§ **AIM OF THE TASK**: Look through the entries below for the line with "Schopfungsgeschichte Ii by Franz Marc" and the line with "Mrunal Thakur Owns", then give again exactly those two lines and all lines between them, minus the pictures.
*** Opening DATA EXCERPTS ***
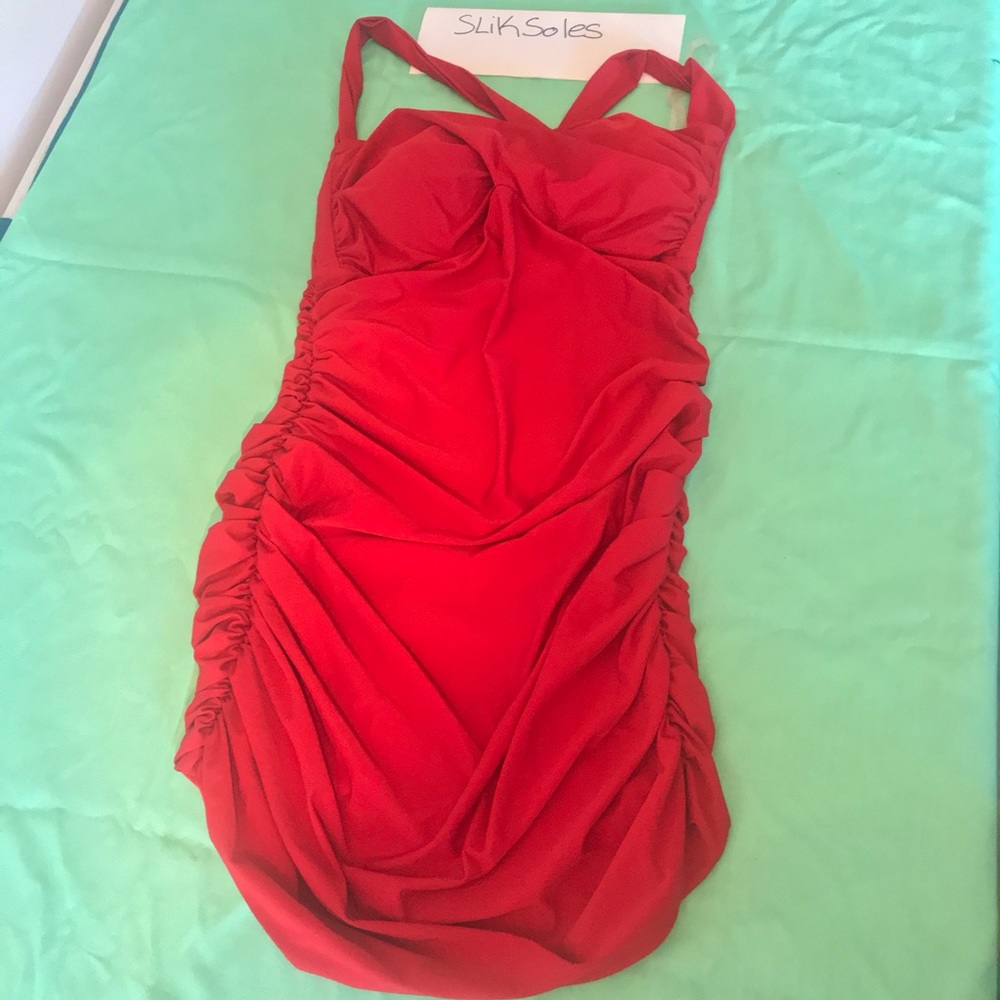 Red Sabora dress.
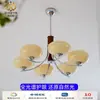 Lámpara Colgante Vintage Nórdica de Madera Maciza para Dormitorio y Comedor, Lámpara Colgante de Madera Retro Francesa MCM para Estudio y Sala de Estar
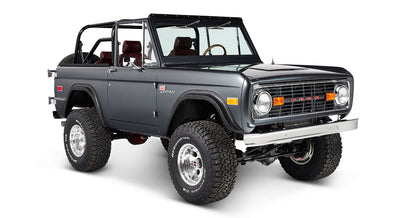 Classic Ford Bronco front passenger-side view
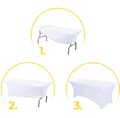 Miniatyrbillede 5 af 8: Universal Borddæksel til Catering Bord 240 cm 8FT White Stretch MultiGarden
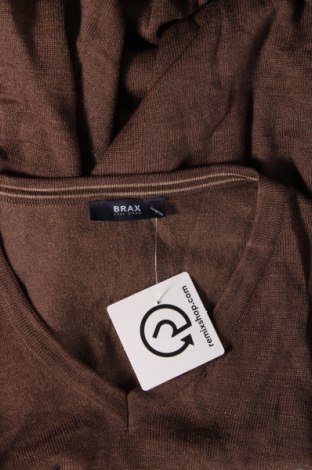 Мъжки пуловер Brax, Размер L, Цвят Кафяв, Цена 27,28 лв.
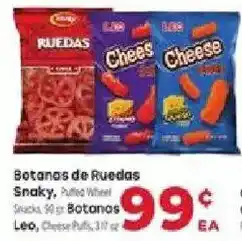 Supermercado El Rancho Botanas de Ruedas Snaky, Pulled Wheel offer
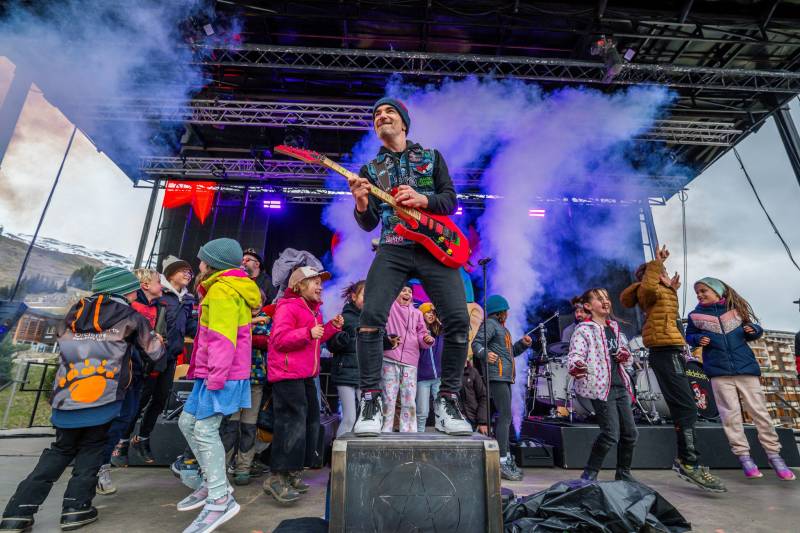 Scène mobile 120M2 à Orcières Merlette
*** Closing DATA EXCERPTS ***
*** Opening DATA EXCERPTS ***
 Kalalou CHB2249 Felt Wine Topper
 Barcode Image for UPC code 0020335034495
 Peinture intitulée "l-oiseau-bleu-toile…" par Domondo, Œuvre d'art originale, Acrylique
*** Closing DATA EXCERPTS ***
*** Opening DATA EXCERPTS ***
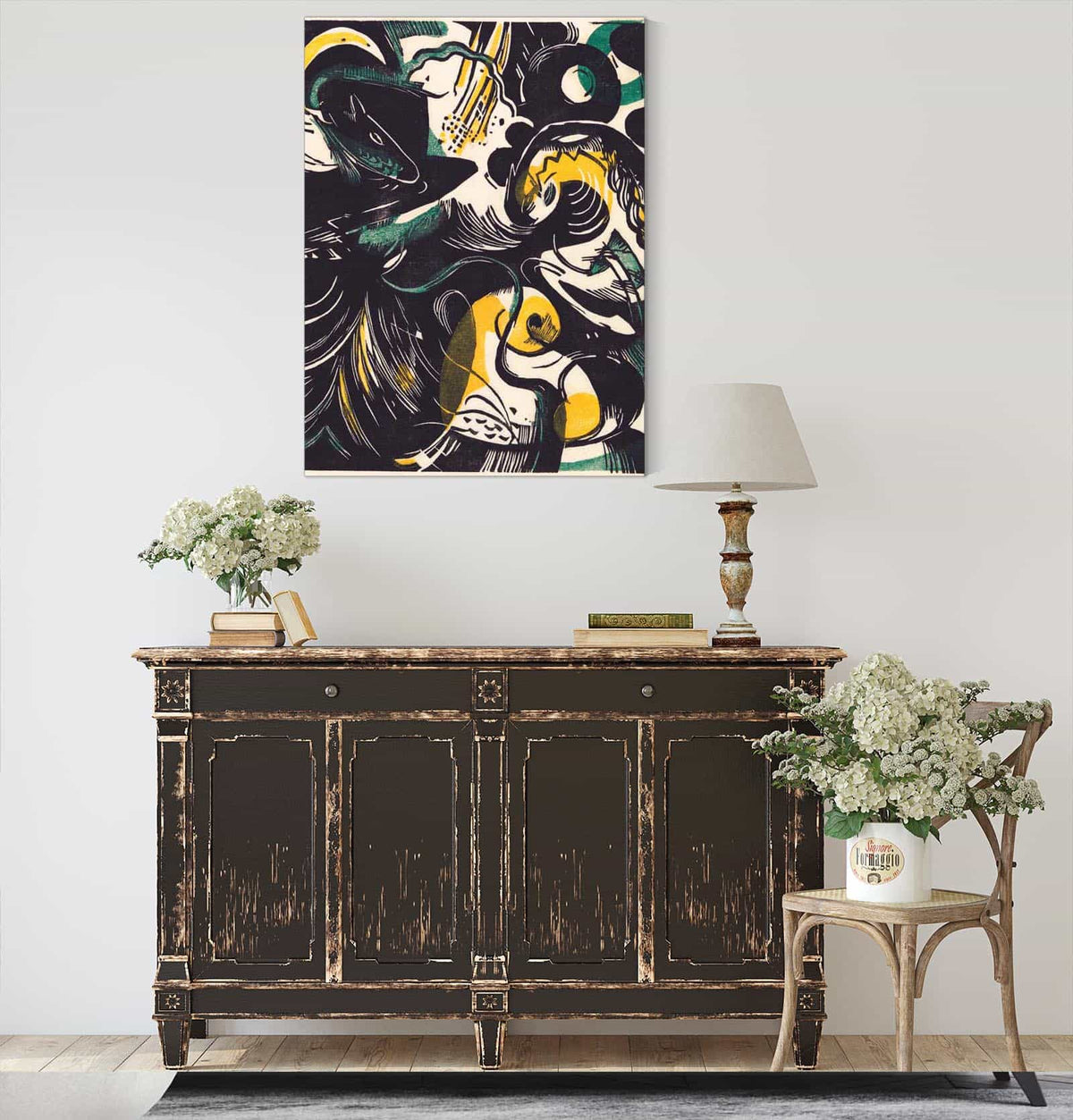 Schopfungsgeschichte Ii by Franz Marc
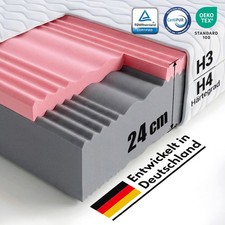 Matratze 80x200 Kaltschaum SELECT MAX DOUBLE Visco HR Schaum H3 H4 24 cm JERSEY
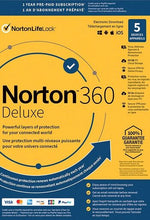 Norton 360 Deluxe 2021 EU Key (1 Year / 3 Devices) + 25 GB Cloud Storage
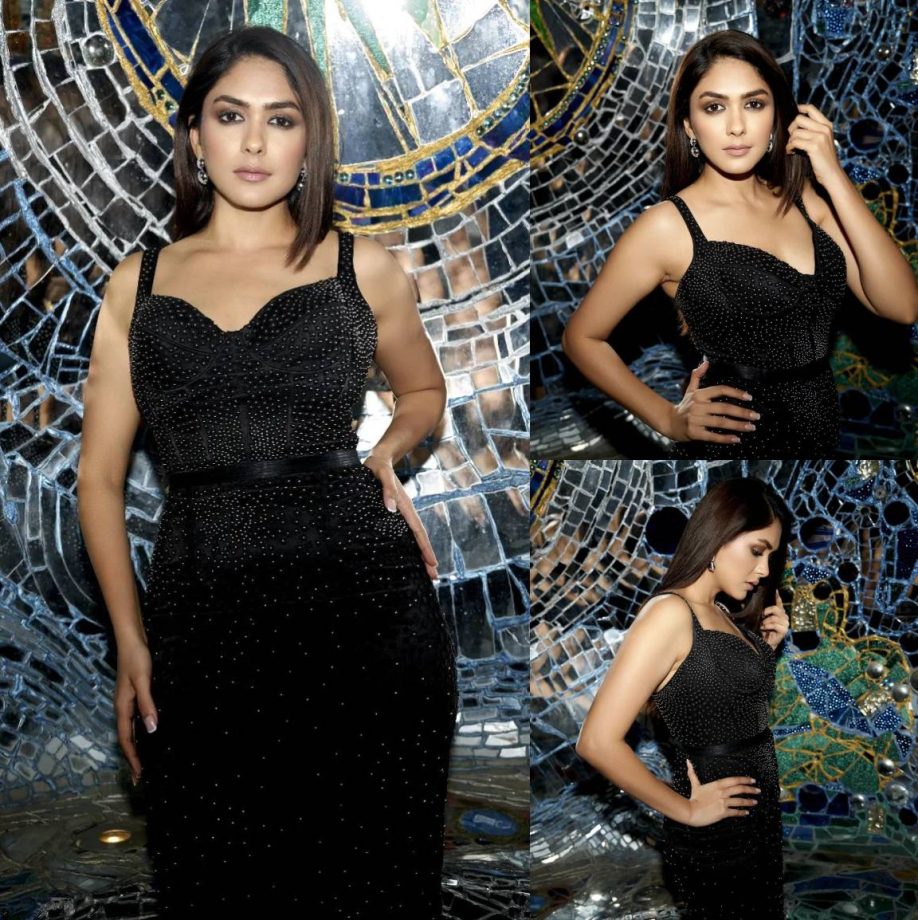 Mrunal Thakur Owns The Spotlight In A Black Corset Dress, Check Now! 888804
*** Closing DATA EXCERPTS ***
§ **RESULT OF THE EXERCISE**:
 Schopfungsgeschichte Ii by Franz Marc
 Matratze 80x200 Kaltschaum SELECT MAX DOUBLE Visco HR Schaum H3 H4 24 cm JERSEY
 Norton 360 Deluxe 2021 EU Key (1 Year / 3 Devices) + 25 GB Cloud Storage
 Mrunal Thakur Owns The Spotlight In A Black Corset Dress, Check Now! 888804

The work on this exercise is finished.